*TRY IT:* Take the line that contains "MILANO, ITALIA - 15" as the first and the last line of the material as the final one; set down exactly the lines in that span.

*RECORDS FOR THE EXERCISE:*
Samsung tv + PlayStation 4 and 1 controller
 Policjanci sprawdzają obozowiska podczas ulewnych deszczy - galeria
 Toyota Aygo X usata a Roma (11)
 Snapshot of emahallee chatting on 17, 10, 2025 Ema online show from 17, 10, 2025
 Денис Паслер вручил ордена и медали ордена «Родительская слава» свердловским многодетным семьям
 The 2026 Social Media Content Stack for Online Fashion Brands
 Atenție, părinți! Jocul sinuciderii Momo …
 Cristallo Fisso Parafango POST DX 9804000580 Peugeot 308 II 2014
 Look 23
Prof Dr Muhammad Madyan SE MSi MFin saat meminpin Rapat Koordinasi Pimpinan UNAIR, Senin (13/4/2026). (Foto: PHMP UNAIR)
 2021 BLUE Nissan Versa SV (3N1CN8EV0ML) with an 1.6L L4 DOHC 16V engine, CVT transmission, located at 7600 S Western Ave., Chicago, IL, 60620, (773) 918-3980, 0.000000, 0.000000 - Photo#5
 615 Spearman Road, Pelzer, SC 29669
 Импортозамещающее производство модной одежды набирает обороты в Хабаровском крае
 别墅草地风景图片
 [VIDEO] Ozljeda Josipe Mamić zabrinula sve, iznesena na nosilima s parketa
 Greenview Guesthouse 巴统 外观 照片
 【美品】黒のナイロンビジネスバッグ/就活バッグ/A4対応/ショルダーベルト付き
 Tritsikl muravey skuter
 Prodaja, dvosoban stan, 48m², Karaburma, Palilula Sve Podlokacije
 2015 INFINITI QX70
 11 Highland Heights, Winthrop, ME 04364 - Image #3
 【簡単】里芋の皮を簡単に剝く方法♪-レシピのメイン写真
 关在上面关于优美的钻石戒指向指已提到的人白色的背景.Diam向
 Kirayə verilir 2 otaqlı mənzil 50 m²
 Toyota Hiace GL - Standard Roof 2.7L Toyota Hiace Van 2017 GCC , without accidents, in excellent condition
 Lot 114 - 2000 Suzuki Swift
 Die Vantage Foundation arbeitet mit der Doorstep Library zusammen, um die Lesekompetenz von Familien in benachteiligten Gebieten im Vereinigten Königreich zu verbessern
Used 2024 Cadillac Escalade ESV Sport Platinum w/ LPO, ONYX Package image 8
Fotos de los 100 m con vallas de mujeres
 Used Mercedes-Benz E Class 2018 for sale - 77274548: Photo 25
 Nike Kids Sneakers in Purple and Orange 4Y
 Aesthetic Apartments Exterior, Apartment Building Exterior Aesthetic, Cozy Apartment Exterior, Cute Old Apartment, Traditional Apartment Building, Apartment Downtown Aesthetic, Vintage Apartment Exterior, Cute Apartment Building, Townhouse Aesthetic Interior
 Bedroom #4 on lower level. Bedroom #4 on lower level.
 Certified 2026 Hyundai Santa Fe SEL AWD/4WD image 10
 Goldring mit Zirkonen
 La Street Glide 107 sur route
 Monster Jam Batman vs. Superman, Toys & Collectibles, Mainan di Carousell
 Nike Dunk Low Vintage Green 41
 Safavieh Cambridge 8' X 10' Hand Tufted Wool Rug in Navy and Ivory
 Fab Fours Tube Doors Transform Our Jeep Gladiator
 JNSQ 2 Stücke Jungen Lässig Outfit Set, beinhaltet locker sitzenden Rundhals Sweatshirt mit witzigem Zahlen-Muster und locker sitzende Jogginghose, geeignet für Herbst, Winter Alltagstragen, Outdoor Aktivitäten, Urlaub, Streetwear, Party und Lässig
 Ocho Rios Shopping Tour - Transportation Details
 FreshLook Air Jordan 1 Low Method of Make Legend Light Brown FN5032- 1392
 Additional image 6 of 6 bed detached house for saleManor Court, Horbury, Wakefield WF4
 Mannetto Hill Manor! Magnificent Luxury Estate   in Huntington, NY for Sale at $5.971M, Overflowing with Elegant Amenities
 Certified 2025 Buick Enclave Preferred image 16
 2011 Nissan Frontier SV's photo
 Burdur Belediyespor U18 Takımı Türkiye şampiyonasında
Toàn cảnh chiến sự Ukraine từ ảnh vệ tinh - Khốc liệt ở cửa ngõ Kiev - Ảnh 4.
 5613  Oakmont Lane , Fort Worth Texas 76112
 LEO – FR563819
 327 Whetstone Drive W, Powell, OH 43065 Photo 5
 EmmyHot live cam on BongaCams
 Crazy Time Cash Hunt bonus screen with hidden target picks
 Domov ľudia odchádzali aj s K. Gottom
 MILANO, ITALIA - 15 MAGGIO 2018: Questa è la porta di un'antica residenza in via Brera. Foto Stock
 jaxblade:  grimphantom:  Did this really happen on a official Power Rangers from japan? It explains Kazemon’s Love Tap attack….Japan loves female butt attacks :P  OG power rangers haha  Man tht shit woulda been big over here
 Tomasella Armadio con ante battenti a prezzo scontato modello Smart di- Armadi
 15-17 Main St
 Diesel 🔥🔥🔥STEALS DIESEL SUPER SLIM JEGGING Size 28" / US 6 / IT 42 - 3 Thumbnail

*ANSWER SECTION:*
 MILANO, ITALIA - 15 MAGGIO 2018: Questa è la porta di un'antica residenza in via Brera. Foto Stock
 jaxblade:  grimphantom:  Did this really happen on a official Power Rangers from japan? It explains Kazemon’s Love Tap attack….Japan loves female butt attacks :P  OG power rangers haha  Man tht shit woulda been big over here
 Tomasella Armadio con ante battenti a prezzo scontato modello Smart di- Armadi
 15-17 Main St
 Diesel 🔥🔥🔥STEALS DIESEL SUPER SLIM JEGGING Size 28" / US 6 / IT 42 - 3 Thumbnail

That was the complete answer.